Gerçekten birşeyler bırakıyor muyuz ardımızda; dişe dokunur bir eser adına, gözü yaşlı evlatlardan ve eşlerden, torunlardan gayrı, kaçımız zamanımıza damga vuracak bir eser bırakıyoruz ardımızda delik bir çuldan gayrı? Çok sormuşumdur bu soruyu kendime, insan kendine geldiği vakit çok cömert bir acımasızlıkla iç muhasebesi yapıp, çoğu zaman kendini suçluyor ama ya peki ardımızda gerçekten bıraktıklarımız bizim hakkımızda ne düşünüyor? Bence işin anahtarı bu…

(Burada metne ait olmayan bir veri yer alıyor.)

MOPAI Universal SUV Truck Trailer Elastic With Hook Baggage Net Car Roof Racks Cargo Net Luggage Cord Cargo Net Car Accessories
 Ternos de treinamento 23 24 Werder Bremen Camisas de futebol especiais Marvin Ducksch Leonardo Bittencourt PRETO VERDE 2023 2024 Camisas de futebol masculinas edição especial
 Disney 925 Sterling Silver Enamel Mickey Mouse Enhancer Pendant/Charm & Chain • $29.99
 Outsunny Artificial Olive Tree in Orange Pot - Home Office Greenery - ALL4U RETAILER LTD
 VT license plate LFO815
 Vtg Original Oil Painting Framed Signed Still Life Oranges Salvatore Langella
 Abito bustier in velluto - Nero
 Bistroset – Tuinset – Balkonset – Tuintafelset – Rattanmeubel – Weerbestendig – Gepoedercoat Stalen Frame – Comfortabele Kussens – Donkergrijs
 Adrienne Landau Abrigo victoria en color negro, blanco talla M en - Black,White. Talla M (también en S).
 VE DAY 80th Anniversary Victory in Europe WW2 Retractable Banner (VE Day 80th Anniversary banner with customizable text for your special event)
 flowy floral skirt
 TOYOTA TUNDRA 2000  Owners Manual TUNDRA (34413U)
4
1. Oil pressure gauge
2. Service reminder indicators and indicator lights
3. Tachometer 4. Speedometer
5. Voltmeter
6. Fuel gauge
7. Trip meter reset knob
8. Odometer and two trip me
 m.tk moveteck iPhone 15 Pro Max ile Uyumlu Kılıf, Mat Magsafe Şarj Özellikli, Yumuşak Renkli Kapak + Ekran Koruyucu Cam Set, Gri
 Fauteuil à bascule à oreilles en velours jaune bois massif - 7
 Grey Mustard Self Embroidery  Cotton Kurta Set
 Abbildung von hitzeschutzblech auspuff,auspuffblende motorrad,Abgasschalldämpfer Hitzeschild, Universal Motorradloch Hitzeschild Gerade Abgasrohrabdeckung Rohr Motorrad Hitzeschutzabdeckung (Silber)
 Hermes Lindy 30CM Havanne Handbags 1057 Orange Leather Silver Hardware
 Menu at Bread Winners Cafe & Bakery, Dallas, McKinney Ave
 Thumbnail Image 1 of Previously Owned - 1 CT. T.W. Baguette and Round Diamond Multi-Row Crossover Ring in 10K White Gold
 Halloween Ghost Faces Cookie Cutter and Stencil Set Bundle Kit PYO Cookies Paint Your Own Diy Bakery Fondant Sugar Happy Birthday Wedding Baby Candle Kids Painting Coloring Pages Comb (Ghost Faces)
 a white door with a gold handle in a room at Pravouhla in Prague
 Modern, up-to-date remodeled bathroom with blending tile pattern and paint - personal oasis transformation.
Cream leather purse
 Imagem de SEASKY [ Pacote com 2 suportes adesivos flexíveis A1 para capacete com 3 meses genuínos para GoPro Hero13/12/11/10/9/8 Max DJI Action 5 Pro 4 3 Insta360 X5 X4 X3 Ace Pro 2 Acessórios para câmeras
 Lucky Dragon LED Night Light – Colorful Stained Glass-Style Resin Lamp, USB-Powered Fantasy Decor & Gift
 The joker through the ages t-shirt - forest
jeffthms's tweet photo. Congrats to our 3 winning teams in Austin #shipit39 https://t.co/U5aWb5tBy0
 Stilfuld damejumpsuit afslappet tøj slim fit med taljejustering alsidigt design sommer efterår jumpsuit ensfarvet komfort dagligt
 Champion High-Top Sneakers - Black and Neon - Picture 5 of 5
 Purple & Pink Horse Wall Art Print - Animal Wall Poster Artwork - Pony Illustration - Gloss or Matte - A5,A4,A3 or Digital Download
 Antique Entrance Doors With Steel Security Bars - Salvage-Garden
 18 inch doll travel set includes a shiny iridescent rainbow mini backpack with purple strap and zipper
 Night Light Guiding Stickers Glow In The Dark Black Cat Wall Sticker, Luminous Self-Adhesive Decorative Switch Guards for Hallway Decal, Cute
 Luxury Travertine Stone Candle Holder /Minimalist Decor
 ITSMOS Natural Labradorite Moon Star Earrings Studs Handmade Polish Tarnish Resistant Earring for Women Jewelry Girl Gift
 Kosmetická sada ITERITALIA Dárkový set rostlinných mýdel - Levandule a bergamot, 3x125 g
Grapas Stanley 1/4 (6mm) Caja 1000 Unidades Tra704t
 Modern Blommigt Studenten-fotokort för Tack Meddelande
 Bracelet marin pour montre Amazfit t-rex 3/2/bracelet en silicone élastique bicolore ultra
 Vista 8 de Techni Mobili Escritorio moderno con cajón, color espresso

İzlerken beni gerçekten etkileyen bir, iki film vardır. Bunlardan biri de “Babam ve Oğlum”. Orada Sadık, hastane odasındayken kendi deyimi ile “Hep bu olmamışlık vardı aramızda” dediği babasının ona ettiği unutulmaz sözler gelir aklıma. Kendisine göre cahil(?) ve konuşmaktan aciz toprak ağası babası kominist olduğu için baba otağını terk eden oğluna dönüp der ki ölüm döşeğinde “Evlatlar babalarını hep hatırlamak istediği gibi hatırlar Sadık, Deniz de (Sadık'ın oğlu) seni öyle hatırlayacak.” Yani hastane odasındaki ölüme her an biraz daha yaklaştıkları için zayıflayan halleri ile değil. Hep gözlerinde yarattıkları bir kahraman, rol modeli insan, varlığından gurur duyalası babası olarak hatırlayacak.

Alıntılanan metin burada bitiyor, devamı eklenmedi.